Feb. 14 (Bloomberg) -- Yahoo! Inc., the largest U.S. Web portal, tumbled as much as 7.4 percent following a report that the talks concerning a possible sale of its Asian assets have hit an impasse.
The discussions stalled partly because of concerns over whether the terms will be tax-efficient enough, according to the technology blog AllThingsDigital. Yahoo, based in Sunnyvale California, owns stakes in Alibaba Group Holding Ltd. and Yahoo Japan.
The stock fell 5.5 percent to $15.24 at 1:49 p.m.
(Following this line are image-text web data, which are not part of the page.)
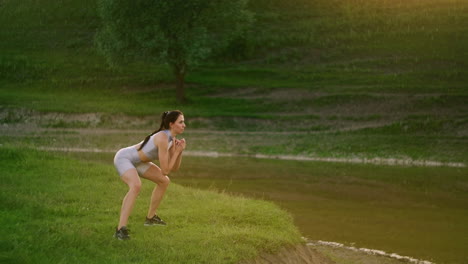una mujer hace ejercicios para los músculos de sus muslos y piernas en la hierba en un parque cerca del lago. trabaja con los músculos abdominales. figura delgada y hermosa. maratón de fitness
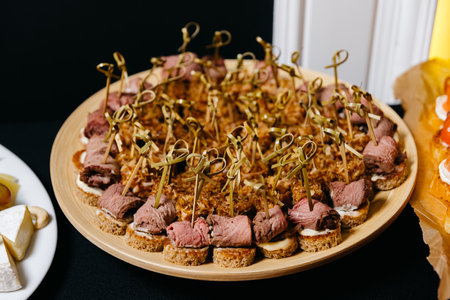 Roast beef canape on skewers. Canape with red meat and rye bread on a wooden plate. Canape tuna...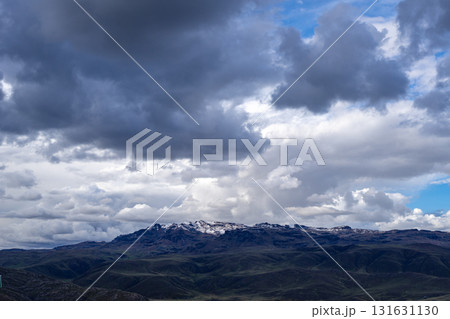 Snow-capped mountain under dark storm clouds in the Peruvian highlands Snow-capped mountain under dark storm clouds in the Peruvian highlands 131631130
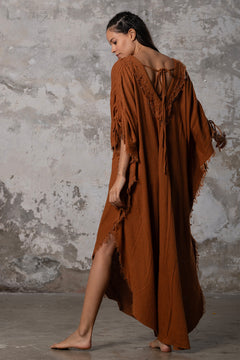 A versatile, earthy goddess dress that embodies boho-chic style. Crafted from the softest cotton fabric, this garment offers both comfort and a fashion statement. The dress can be worn in two distinct styles, either as a kaftan or a sultry dress, with a simple change in the way you put it on. Its natural and ethereal design exudes a warm, comforting feeling against your skin, making it a must-have addition to your wardrobe for those seeking a harmonious blend of style and comfort.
New York time after earlier sinking to $14.92. A collapse of negotiations may put additional pressure on Yahoo’s board, which recently endured a shakeup and has conducted a strategic review of the company since September, following the ouster of Chief Executive Officer Carol Bartz.
Yahoo said earlier this month that it weighed proposals for equity investments without receiving an attractive offer. The company said it continues to discuss a possible sale of its holdings in Asia and that it’s devoting “significant resources to these discussions.”
The Web portal is replacing Chairman Roy Bostock and three other directors, according to a statement Feb. 7. The announcement came a month after Yahoo hired Scott Thompson as its new CEO.
Dana Lengkeek, a spokeswoman for Yahoo, didn’t immediately return a phone message seeking comment.